Именно жёсткая позиция СССР, занятая во время чехословацкого кризиса, стала, как это ни парадоксально на первый взгляд, одним из факторов, приблизивших детант, т. е. разрядку напряжённости на уровне государств. На другом уровне – надгосударственном, наднациональном – под видом сближения с СССР с конца 1960-х годов начала реализовываться принципиально новая стратегия борьбы с соцлагерем – удушение в объятиях. Военная мощь и мастерство, проявленные СССР при вводе войск в ЧССР были фактором, обусловившим как разрядку, так и этот поворот. В основе того и другого лежит страх, и здесь напрашивается аналогия с 1849-1850 гг., когда военная мощь, продемонстрированная николаевской Россией, которая осуществила ввод войск в Австро-Венгрию и спасла её, подавив венгерское восстание, вызвала такой страх на Западе, прежде всего в Великобритании, что ответом на неё стал самый настоящий военный крестовый поход Запада во главе с Великобританией против России, который вошёл в историю под названием «Крымской войны».

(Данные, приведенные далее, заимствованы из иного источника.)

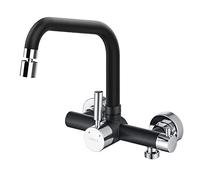 ONECE Robinet Mural de Cuisine avec Interface 3/4 au Lave-vaisselle, Mitigeur Noir Evier Encastré avec 2 Jets d'eau, Robinettrie avec Bec Rotatif, Pivotant à 360°, Acier Inoxydable 304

«Крестовый поход» против СССР, начатый на рубеже 1960-1970-х годов наднациональными и во многом специально для этого похода и созданными структурами («Трёхсторонняя комиссия» и др.), был не военным, а прежде всего информационноэкономическим – брежневский СССР стоял на неизмеримо более прочном фундаменте, чем николаевская Россия – на сталинском, а потому ни военным путём, ни с помощью изматывающей гонки вооружений победить его было невозможно. Отсюда – выбор Запада в пользу информационно-экономического удушения в объятиях. Этот крестовый поход, как и Крымская война, увенчался победой Запада, но далеко не сразу, а спустя два десятилетия. И какую-то свою роль сыграли в этом долгосрочные последствия ввода войск в Чехословакию – те последствия, результаты которых в полной мере стали проявляться с конца 1970-х годов, совпав с усилением западного наступления, с одной стороны, и нарастанием структурного кризиса в СССР (в 1980-е горбачёвщина превратит его в системный), с другой.
Главные негативные последствия ввода войск в ЧССР касались не наших отношений с Западом, а ситуации в мировом коммунистическом и – более широко – в левом движении и в Восточной Европе. В этом плане ввод войск был Пирровой победой.